Stylochronometry and the Periodization of Samuel Beckett's Prose

paper, specified "long paper"
  1. 1. Dirk Van Hulle

    Universität Antwerpen (University of Antwerp)

  2. 2. Mike Kestemont

    Universität Antwerpen (University of Antwerp)

Work text
This plain text was ingested for the purpose of full-text search, not to preserve original formatting or readability. For the most complete copy, refer to the original conference program.

Probably best known as the author of
En attendant Godot /
Waiting for Godot, Samuel Beckett was not only a bilingual playwright, but also a poet, translator, essayist and novelist. Notably his prose fiction is the focus of this contribution, in which we use quantitative methods to delineate a periodization of Beckett’s œuvre. In art studies in general, there is a tradition of distinguishing an ‘early’ and ‘late’ period in an artist’s work, sometimes with a distinct ‘middle’ period in between. The late Beethoven sonatas are a good example, or the early Rembrandt’s ‘smooth’ style versus the rough paint surfaces of the late Rembrandt. Nevertheless, it is often difficult to determine exactly when an author’s work moves from, say, the ‘early’ to the ‘middle’ stage.

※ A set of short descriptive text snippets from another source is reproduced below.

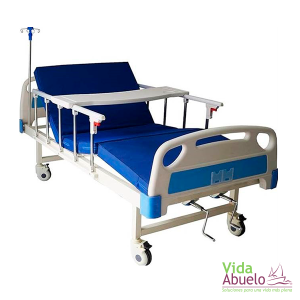 Cama manual de lujo con porta sueros, mesa de alimentos y colchón incluido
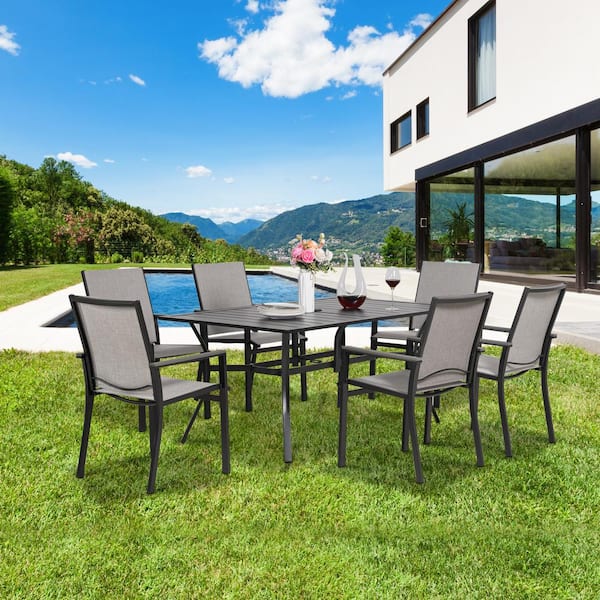 BOPOREA MEGO LLC 7-Piece Metal Patio Patio Conversation Patio, Seating Set, Outdoor Dining Chairs with Metal Square Table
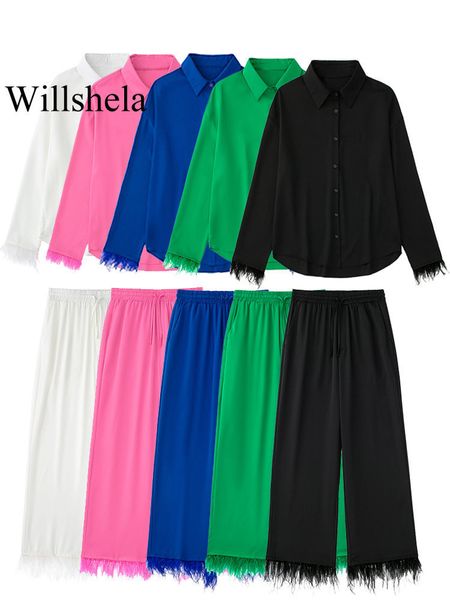 women's two piece pants willshela women fashion with feathers 2 piece set single breasted blouse vintage elastic waist trouser female c, White
women's two piece pants willshela women fashion with feathers 2 piece set single breasted blouse vintage elastic waist trouser female c, White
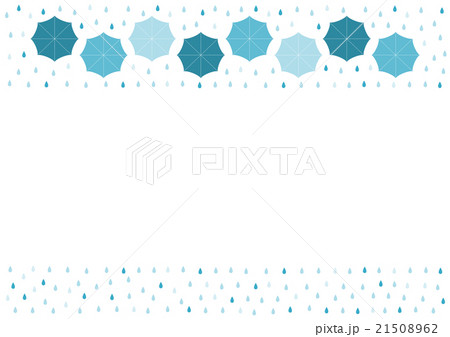 春雨 かわいい 雨の日 水玉模様のイラスト素材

In Beckett studies, we find a similar pattern of periodization, ending with the ‘late style’ (Gontarski, 1997). Peter Boxall (2015: 34) problematizes the idea of periodizing Beckett’s œuvre, but admits that it is hard not to parcel it into a beginning, a middle and an end: an early period up to and including the novel
Watt, written during WOII; a rich middle period up to and including
The Unnamable; and the later, ‘halting’ prose after the latter text. Numerous critics have proposed alternative periodizations, resulting in almost as many different periodizations as the number of critics that devised them. We therefore investigated what a non-human ‘interpreter’ would come up with as a periodization by means of stylometry.

In this paper, we apply methods from stylometry to the problem of periodizing Samuel Beckett’s prose. A novelty is that we restrict it to function word frequencies, which are a common object of research in stylometry, but which have hardly been considered in Beckett studies. An exception is Banfield, who suggested a four-phase evolution in Beckett’s oeuvre, partially on the basis of linguistic arguments. Our approach is related to ‘stylochronometry’ (Stamou, 2008), in which a text’s writing style is studied as a function of its date of composition, in accordance with recent research into the stylistic development of individual authors, such as Henry James (Hoover, 2014), W. B. Yeats (Forsyth, 1999) or Jack London (Juola, 2007).

Here, we analyze Beckett’s prose fiction, in both French and English. We removed all non-authorial paratexts and only considered lower-case, alphabetical character strings. In the software repository accompanying this contribution (, we present a tabular overview of the materials we collected, including the publication dates of the editions we used, the text’s length, etc. (Note that this repository also holds high-resolution versions of our plots, which will be much more readable on screen.) In terms of chronology, we focus on the moment when Beckett started working on a text in either language (Van Hulle et al., 2015).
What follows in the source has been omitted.